And then, okay. Well, who else uses it other than GeneStreet? Like, what do you do that's innovative? Palantir. Okay.
Warp.
Warp stream. So yeah. So But yeah. Okay.
Anyway, so so maybe maybe and and so this is a bad example because they're actually legit, but, like, you know, there's there's a lot of similar examples where they just leave with the money, and, like, there's no no much substantiation behind it. Maybe it's just bad storytelling, and that's why I, as a podcaster, get to talk to the I just talk to general general intuition. And, like, once you spend some time with them, then you're like, oh, okay. This is why they raised a $100,000,000. But, like, without that context, it's, like, really hard to understand anything.
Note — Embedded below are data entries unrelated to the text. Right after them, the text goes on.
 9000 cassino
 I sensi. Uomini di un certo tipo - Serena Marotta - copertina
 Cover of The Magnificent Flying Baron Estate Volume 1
Well and and and, like, I think there are some companies that are raising, you know, a $100,000,000 or more because they need it. Like, a good example might be, like, periodic. In addition to, you know Wet lab. Yeah. Yeah.
They need to build out a wet lab and, like, designing a wet lab that can support high throughput biology, which is absolutely critical to, you know, their goals, that's costly. So so so, like, I understand why they need that that funding. But again, there are others where, like, they don't have these near term milestones. I think the thing that is a little bit you know, perturbing to me, many of them are doing it because it makes it easier for them to hire. Because, you know, there are all of these candidates who, like, want to be want to work at a company that is, like, a unicorn or a near unicorn.
They're pitching
because the alternative is work at a big lab where, you know, it's yeah. The prestige and the money is there.
Yeah. Well or the alternative is, like, work at, like, an early stage startup. But but but but but, like, there's something about, like, the big valuation that becomes enticing.
Yeah.
They're also kind of, pitching candidates. They they have a compelling equity pitch where they're like, okay. Maybe you're getting, you know, less than, zero point, like, 1% of the company. But, like, given the valuation, the value of your equity is already, you know, like, $10,000,000 or something like that.
And and they also guarantee the dollar value on the equity.
You you you mean that, like, they'll offer them a loan to to pay?
A buyback if if if it goes Yeah. If you wanna sell it.
Yeah. But but but but but
Because they have so much cash. Like
But the thing though is that, like, the valuation is a made up number. Like, valuation, until a company exits, it is an entirely made up number. So, like, I could just be like, you know what? The latent space pod, that is worth $5,000,000,000. And we could agree.
Like, we like, I as an investor could say, like, that is the price. And now now the company is worth $5,000,000,000. Like, do you think that, like, if you were to
to Yeah. It's not it's not real. It's not it's not actual It's real. Transacted at any volume.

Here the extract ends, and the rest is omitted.